Margriet van Breevoort
Margriet van Bredevoort was born in Amsterdam in the year 1990, she studied at the Hogeschool door de Kunsten in Utrecht and received her diploma with honours in the year 2013. Instagram: @margrietvanbreevoort
Her oeuvre enters a thin line between the exceptional and the impossible and makes the viewer experience an extraordinary world through the use of her hyper-realistic sculpture techniques. In her work Van Breevoort tries to emphasise a network of contradictions which include the dialectic between man and nature, the organic versus the technical, and the guilt and innocence.
She puzzles about a nature that can only exist under the condition of man and tries to reflect this doubt about what people call nature in the Anthropocene, in her work. Questions about authenticity therefore drive the creation of many of the works she makes. Can we still speak of the “natural” when everything that man considers to be nature has been influenced by and exists by the grace of man himself?
Man and nature, how do they relate to each other? What remains of our animalistic origin? And what influence does our presence have on nature?
In my body of work, these questions manifest themselves as a synthesis of animal, nature, human and technology. These hybrid creatures and landscapes form a hybrid world, where man and nature enter into unconventional science-fiction-like relationships with one another.
With my work I portray those worlds in order to emphasize a network of opposites: the organic versus the technical and the duality of culture and nature.
I marvel at aspects of our everyday life that are labeled "normal", but would feel at home in sci / fi novels. This amazement is expressed in my work as an enlargement: a caricature of reality. Surrealism serves as the medium that gives me the creative freedom I need. In this way I confront the viewer with the possibility of another world, which might, all in all, not even be that imaginary.
The questions that correspond with my work always touch on the relationship between people and their environment; the natural versus the artificial; and the notion of nature within a human-distorted world.The results of these questions are beings with anthropomorphic features, I confront the viewer with a boundary: the dividing line between the exceptional and the impossible; the desirable and the repellent; and the vulnerable and the dominant.
These beings do not exist in the world as we know it. But through special-effect sculpting techniques, I try to create believable, lifelike figures with human characteristics. In this way I try to make the viewer believe for a moment in this world that I create. The creatures interact with their immediate environment and sometimes seem to reflect a sense of unease and vulnerability.
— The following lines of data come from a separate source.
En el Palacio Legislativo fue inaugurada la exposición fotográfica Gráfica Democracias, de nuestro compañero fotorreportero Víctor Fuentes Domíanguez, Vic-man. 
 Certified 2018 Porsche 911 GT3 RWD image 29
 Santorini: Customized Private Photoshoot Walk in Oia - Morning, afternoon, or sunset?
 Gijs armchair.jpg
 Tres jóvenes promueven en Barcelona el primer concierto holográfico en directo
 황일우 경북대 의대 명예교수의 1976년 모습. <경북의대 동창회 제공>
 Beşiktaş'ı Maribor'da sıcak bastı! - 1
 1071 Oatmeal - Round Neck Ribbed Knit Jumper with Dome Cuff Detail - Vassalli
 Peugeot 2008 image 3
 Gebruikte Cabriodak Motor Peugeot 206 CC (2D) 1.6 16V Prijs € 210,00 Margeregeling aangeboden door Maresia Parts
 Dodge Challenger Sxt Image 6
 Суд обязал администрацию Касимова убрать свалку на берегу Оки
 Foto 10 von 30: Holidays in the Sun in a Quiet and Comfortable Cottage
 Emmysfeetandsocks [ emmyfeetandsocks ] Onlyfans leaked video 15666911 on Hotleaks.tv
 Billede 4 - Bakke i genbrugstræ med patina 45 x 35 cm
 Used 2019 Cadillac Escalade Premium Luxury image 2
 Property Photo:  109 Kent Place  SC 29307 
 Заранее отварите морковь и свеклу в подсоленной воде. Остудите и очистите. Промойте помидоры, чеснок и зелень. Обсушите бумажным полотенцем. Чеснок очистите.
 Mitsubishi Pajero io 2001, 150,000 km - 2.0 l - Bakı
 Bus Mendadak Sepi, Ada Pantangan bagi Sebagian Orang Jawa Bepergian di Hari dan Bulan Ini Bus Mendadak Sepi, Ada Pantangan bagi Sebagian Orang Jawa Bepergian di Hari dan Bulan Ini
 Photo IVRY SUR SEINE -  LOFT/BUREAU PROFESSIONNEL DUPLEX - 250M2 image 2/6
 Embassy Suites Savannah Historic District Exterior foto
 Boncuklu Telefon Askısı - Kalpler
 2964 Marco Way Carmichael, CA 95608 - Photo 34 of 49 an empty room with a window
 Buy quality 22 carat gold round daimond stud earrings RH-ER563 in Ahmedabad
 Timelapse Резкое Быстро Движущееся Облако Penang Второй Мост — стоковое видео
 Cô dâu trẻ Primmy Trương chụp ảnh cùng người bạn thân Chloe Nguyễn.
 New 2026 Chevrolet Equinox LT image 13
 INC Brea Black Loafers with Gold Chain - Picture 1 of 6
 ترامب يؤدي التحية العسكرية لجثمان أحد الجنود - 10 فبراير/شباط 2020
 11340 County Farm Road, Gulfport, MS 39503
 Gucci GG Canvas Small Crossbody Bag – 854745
The question remains: do we sympathize with the being that does not feel at home here, or does this being sympathize with us because this is our home ...? They suggest a world in which different rules apply and represent a freedom that the viewer does not know, but may or may not long for.
Ever since mankind started to think and has put itself at the top of the food chain, there has been a certain anthropocentrism - the concept of man being the center of existence.
We seem to have forgotten that we are only a very small part of a gigantic ecosystem. Nature represents "the other", nature has no soul or voice, cannot stand up for itself and is subordinate. Unconsciously (and consciously) man maintains this way of thinking in order to be able to continue the use and manipulation of nature. At the same time, we see nature as something untouched and sublime. How should these contradictions be resolved? By us? Will evolution find a solution by itself? Should we stop thinking in contradictions?
Culture is an extension of man which is ultimately an extension of nature, but nature is gradually becoming more and more culture (I always find the over-cultivated, blocky Dutch landscape seen from a plane window a nice reminder of this).
The dichotomy in terms that man himself has fabricated makes it difficult to return to a pure and natural world. The solution is of course to move fórward to a sustainable hybrid world where nature and culture work together; where man once more becomes part of the ecosystem "earth".
Mankind has torn itself away from its evolutionary origins through the learning of advanced skills and seems to have come to a point where it can fully dictate its environment and future. This can provide opportunities that I, and perhaps no one, can judge.
I am inspired by these "possibilities" and this "nature" that can only exist under the condition of man and try to reflect in my work the doubts about what is called "nature" in the Anthropocene. Questions about authenticity therefore drive the creation of many of the works I make. Can we still speak of the 'natural' if everything that man considers to be nature is influenced by and exists by the grace of man himself?